The Foundations of Constructions in Dobrogea—Romania, on Water Sensitive Soils, Loess

Abstract

This article presents the geotechnical characteristics of loess, wetting sensitive soil in Dobrogea. These lands are of Quaternary age, are found just below the topsoil and most buildings are founded on it. Problems can arise when the foundation on these lands is due to any softening of foundation soil with water from different sources, permanent or casual. It will present the parameters of geotechnical solutions for improvement when appropriate.

1 Introduction

The loess is a category featured among continental, Quaternary, sedimentary formations.

The name loess was introduced in 1834 by C. Lyell, coming from the German lose or loss, used in Rhineland, with the meaning of loose, porous, brittle. Loess lands occupy about 10 % of the entire surface of the continents, a spread of loess in the world is shown in Fig. 11.1a, b, North America and China, and in Fig. 11.2 in Europe.

Fig. 11.1

Loess distribution. a In America de Nord. b China (source http://gec.cr.usgs.gov)

Fig. 11.2

Loess distribution (source Dagmar Haase/UFZ). a Europe. b Romania

Loess deposits in Romania occupies an area representing 17 % of the entire country. In Dobrogea there are areas where loess thickness is up to 60 m.

2 Properties of Loess

Most buildings in Dobrogea are founded on loess and loess soils, hence the need to understand the behavior of these soils and changes in terms of land and loads on which the construction transmits it.

The minimum and maximum values of geotechnical parameters of loess, in the natural state, in the Dobrogea area are listed in Table 11.1.

Table 11.1 The minimum and maximum values of geotechnical parameters

3 The Collapse Risk of the Loess

Problems can arise when the foundation on these regions is due to any softening of foundation soil with water from different sources, permanent or casual.

Because of the extra moisture, the loess can become collapsible.

Depending on the behavior of the loess, increasing of moisture content it has been classified in two categories:

1. (A)

   lands which not settles under the geological load, but of deformation under the influence of the loads transmitted by the construction, are not in risk of collapsing.

2. (B)

   lands which settles in geological load, they may be in risk of collapsing.

In order to make a correct classification of a soil, a comprehensive analysis of all the following parameters are required:

• parameters defining its composition and physical properties (granulometry, porosity);

• mechanical parameters: values of the index of the specific subsidence by wetting below the mark of 300 kPa and the structural strength obtained from endometrium testing;

• the thickness of loess, found in the history of the works from the area.

In the Dobrogea region loess of both categories occur, and their structural strength is based on the category they fall into: for 25–60 kPa is loess of category B and for 80–100 kPa is loess of category A.
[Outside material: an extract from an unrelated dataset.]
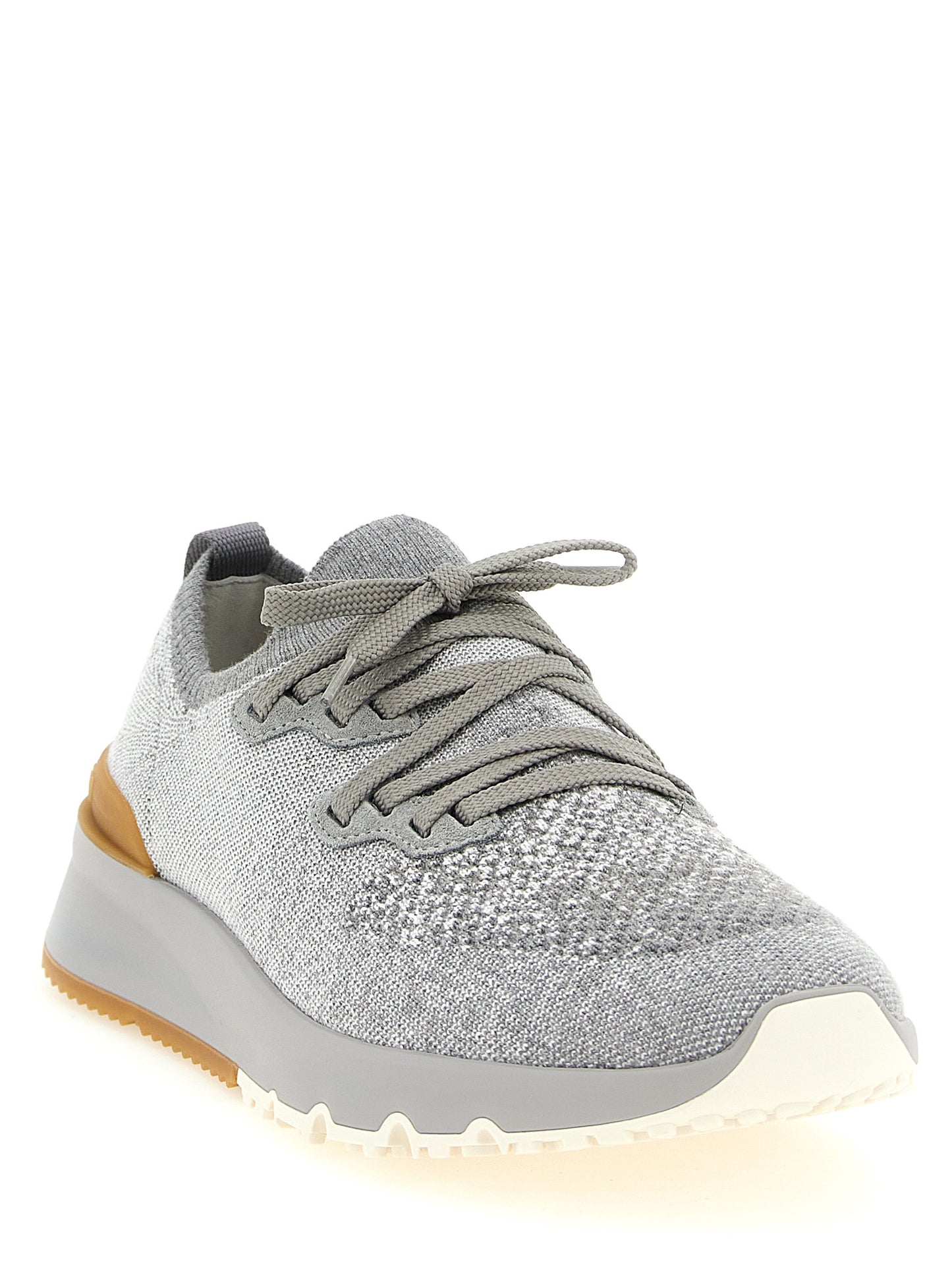 Athletic Sneakers by Brunello Cucinelli for men in stretch polyamide cotton gray features an timeless silhouette from the Men's Slip On Stretch Polyamide Cotton Athletic Sneakers collection, showcasing a timeless slip-on style for a timeless look.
In Fig. 11.3 are presented the diagrams of compression subsidence for the loesses with a low porosity, soil denoted by 1 and loesses with a high porosity, denoted by 2; (a) samples with natural moisture and (b) samples that were previously flooded.

Fig. 11.3

Diagrams of compression subsidence

4 Foundation Solutions

To ensure the normal behavior of buildings founded on land susceptible to wetting, there is a need for rational foundation systems and appropriate measures to avoid flooding of the foundation soil, both during and after construction. The humidity action on soils susceptible to wetting must be viewed from two perspectives, namely: the reduction in the bearing capacity and the growth of settlements under construction load transmitted (additional subsidence due to moisture). The foundation solutions are adopted according to the nature of the soil foundation, the hydrostatic level and construction characteristics:

• direct foundation on loess;

• foundation reinforced trough layers of cohesive soils (loess, loess lined with various waterproofing solutions, loess mixed with cement or lime);

• loess consolidation by intensive compaction (hard mallet and super hard) or with different injection solutions, heat treatment;

• adopting a foundation system that exceed sensitive soil layer wetting (deep foundations, piles, columns, etc.) and that are embedded in the insensitive wetting layer.

5 Conclusions

The infrastructure and construction on land susceptible to collapse under wetting have created problems. Their stability is not problematic under natural field conditions, but problems can arise if there are additional moistening that can cause deformations of buildings located on these moisted lands.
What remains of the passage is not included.